▸ **The problem**
Each record below should appear again exactly as written.

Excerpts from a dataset
╭──

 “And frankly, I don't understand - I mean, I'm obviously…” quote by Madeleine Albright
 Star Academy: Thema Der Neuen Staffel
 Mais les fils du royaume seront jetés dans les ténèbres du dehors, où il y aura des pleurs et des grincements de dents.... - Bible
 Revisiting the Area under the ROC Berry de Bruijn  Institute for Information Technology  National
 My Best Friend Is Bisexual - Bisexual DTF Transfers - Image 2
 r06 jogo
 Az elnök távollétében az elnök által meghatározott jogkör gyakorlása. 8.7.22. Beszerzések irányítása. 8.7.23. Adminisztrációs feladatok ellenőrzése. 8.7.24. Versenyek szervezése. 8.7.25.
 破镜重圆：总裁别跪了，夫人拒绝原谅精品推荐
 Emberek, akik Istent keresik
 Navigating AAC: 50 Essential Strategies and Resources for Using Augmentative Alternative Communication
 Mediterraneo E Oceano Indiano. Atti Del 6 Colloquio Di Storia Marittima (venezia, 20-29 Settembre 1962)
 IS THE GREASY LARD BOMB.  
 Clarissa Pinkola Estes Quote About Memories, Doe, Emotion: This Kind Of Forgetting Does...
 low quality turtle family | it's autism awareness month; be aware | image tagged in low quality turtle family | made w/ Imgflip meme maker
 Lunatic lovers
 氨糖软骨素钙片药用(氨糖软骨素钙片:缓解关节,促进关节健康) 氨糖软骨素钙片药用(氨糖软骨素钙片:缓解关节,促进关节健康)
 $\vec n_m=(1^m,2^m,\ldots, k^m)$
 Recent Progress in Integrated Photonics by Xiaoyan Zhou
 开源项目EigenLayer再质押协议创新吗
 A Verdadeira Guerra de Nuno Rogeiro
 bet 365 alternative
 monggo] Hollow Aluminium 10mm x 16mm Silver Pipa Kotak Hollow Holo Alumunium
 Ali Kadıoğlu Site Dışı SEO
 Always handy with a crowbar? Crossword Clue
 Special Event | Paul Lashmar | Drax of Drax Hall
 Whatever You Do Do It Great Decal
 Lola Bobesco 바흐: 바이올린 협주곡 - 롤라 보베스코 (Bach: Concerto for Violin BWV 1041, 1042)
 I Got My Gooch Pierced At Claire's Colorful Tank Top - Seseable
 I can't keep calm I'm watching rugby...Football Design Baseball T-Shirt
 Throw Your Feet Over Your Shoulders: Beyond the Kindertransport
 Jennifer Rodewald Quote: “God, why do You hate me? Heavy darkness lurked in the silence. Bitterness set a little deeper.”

╰──

▸ **Response**
 “And frankly, I don't understand - I mean, I'm obviously…” quote by Madeleine Albright
 Star Academy: Thema Der Neuen Staffel
 Mais les fils du royaume seront jetés dans les ténèbres du dehors, où il y aura des pleurs et des grincements de dents.... - Bible
 Revisiting the Area under the ROC Berry de Bruijn  Institute for Information Technology  National
 My Best Friend Is Bisexual - Bisexual DTF Transfers - Image 2
 r06 jogo
 Az elnök távollétében az elnök által meghatározott jogkör gyakorlása. 8.7.22. Beszerzések irányítása. 8.7.23. Adminisztrációs feladatok ellenőrzése. 8.7.24. Versenyek szervezése. 8.7.25.
 破镜重圆：总裁别跪了，夫人拒绝原谅精品推荐
 Emberek, akik Istent keresik
 Navigating AAC: 50 Essential Strategies and Resources for Using Augmentative Alternative Communication
 Mediterraneo E Oceano Indiano. Atti Del 6 Colloquio Di Storia Marittima (venezia, 20-29 Settembre 1962)
 IS THE GREASY LARD BOMB.  
 Clarissa Pinkola Estes Quote About Memories, Doe, Emotion: This Kind Of Forgetting Does...
 low quality turtle family | it's autism awareness month; be aware | image tagged in low quality turtle family | made w/ Imgflip meme maker
 Lunatic lovers
 氨糖软骨素钙片药用(氨糖软骨素钙片:缓解关节,促进关节健康) 氨糖软骨素钙片药用(氨糖软骨素钙片:缓解关节,促进关节健康)
 $\vec n_m=(1^m,2^m,\ldots, k^m)$
 Recent Progress in Integrated Photonics by Xiaoyan Zhou
 开源项目EigenLayer再质押协议创新吗
 A Verdadeira Guerra de Nuno Rogeiro
 bet 365 alternative
 monggo] Hollow Aluminium 10mm x 16mm Silver Pipa Kotak Hollow Holo Alumunium
 Ali Kadıoğlu Site Dışı SEO
 Always handy with a crowbar? Crossword Clue
 Special Event | Paul Lashmar | Drax of Drax Hall
 Whatever You Do Do It Great Decal
 Lola Bobesco 바흐: 바이올린 협주곡 - 롤라 보베스코 (Bach: Concerto for Violin BWV 1041, 1042)
 I Got My Gooch Pierced At Claire's Colorful Tank Top - Seseable
 I can't keep calm I'm watching rugby...Football Design Baseball T-Shirt
 Throw Your Feet Over Your Shoulders: Beyond the Kindertransport
 Jennifer Rodewald Quote: “God, why do You hate me? Heavy darkness lurked in the silence. Bitterness set a little deeper.”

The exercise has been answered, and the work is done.